**Given records:**

□ □ □ □

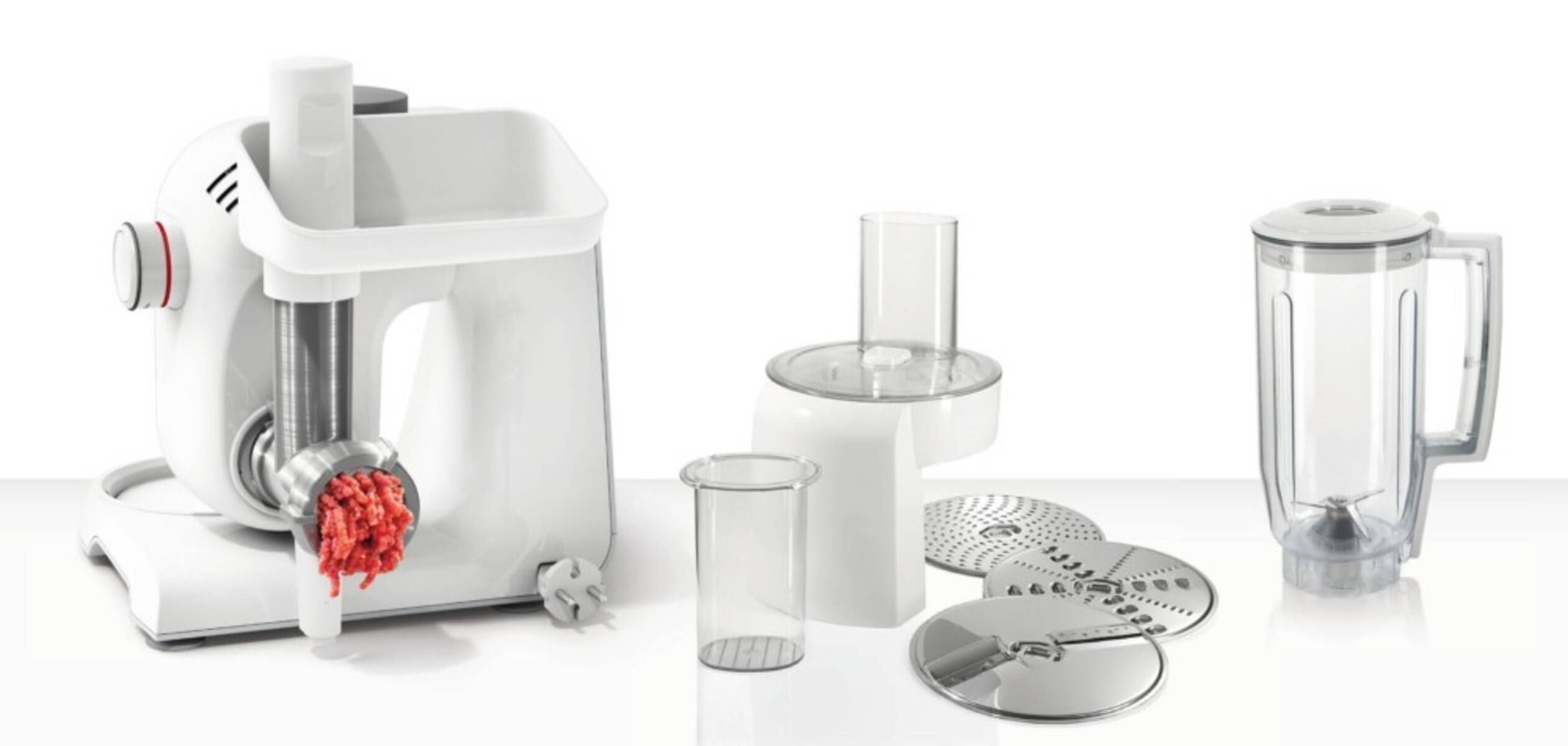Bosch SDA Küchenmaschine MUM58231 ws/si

□ □ □ □

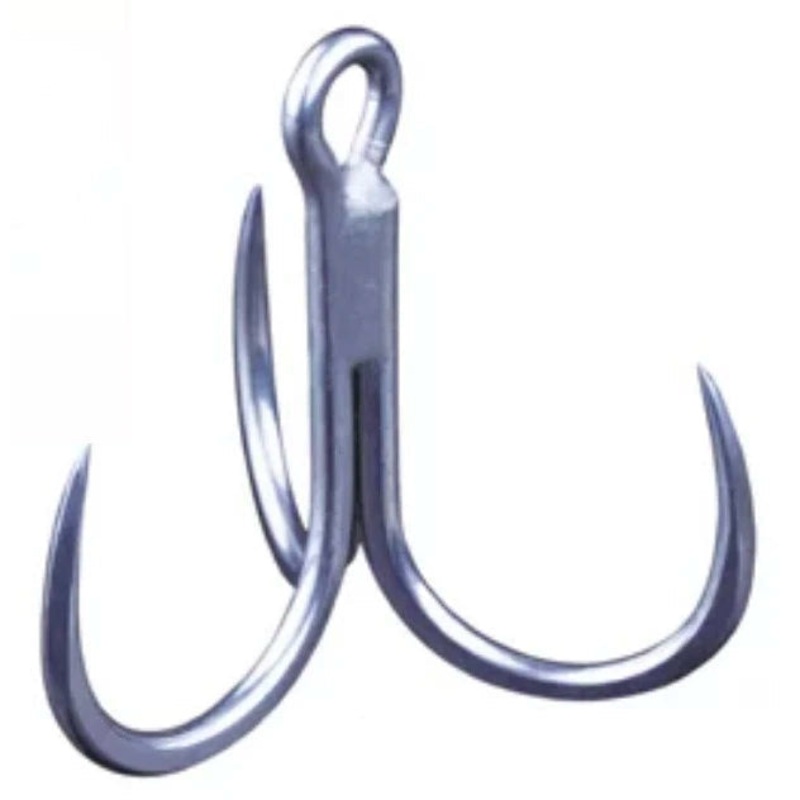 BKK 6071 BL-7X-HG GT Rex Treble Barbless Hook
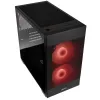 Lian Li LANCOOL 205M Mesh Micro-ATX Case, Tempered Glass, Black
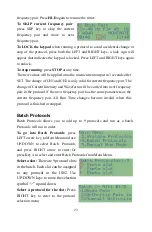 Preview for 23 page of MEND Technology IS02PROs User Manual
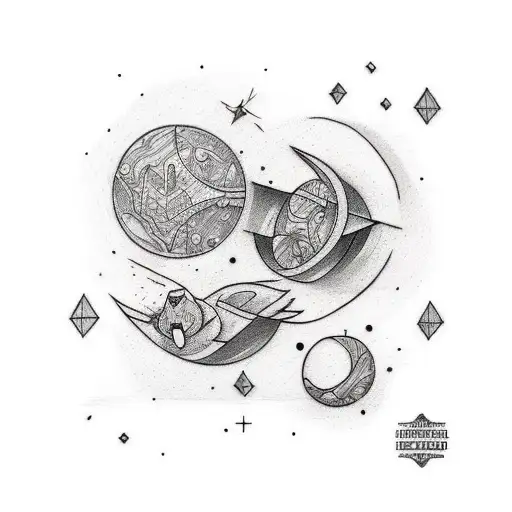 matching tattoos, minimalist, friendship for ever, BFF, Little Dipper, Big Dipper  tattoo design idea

□ □ □ □

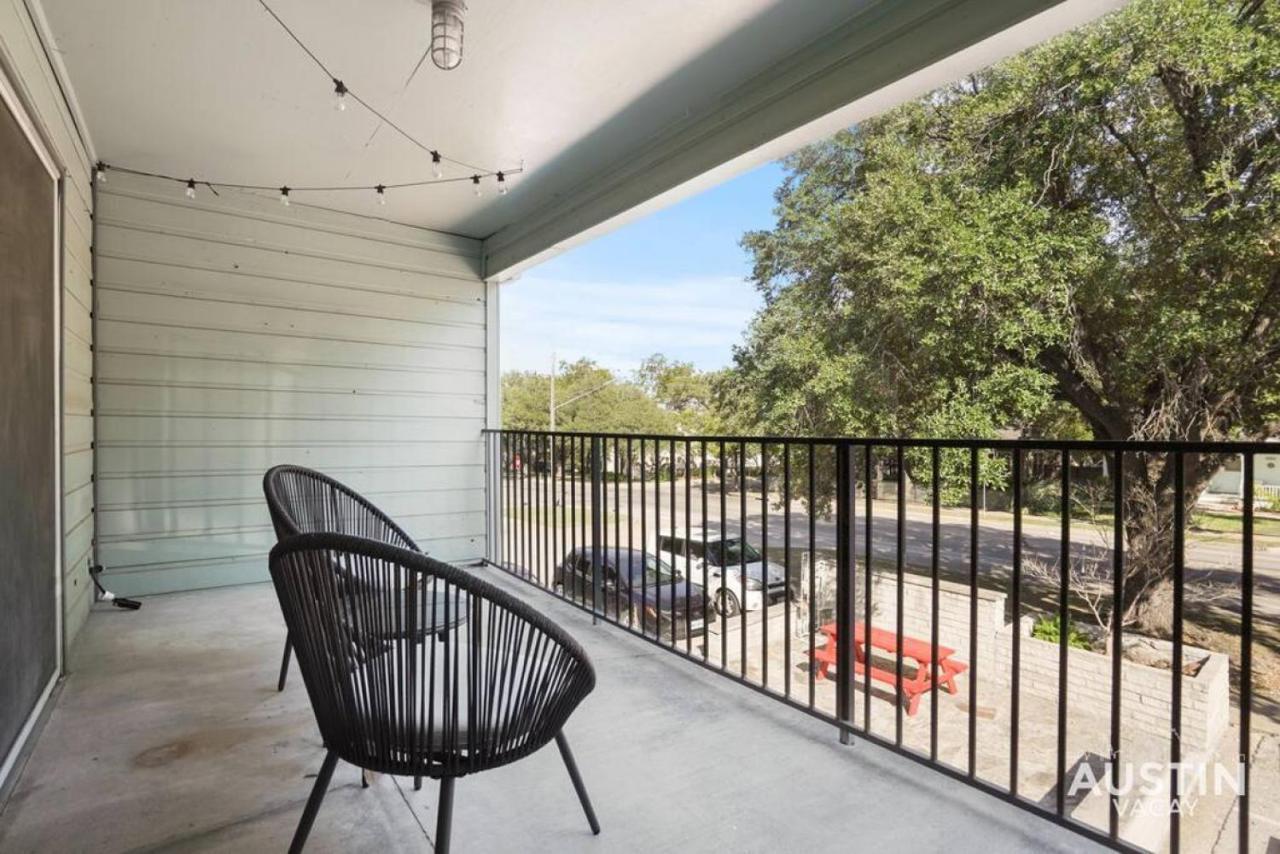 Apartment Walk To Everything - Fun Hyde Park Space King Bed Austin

□ □ □ □

**What is being asked:**
In the records above, copy exactly everything from the line that has "Lian Li LANCOOL" down to the line that has "matching tattoos, minimalist, friendship", both ends included, and leave out the pictures.

**Response area:**
 Lian Li LANCOOL 205M Mesh Micro-ATX Case, Tempered Glass, Black
 Preview for 23 page of MEND Technology IS02PROs User Manual
 matching tattoos, minimalist, friendship for ever, BFF, Little Dipper, Big Dipper  tattoo design idea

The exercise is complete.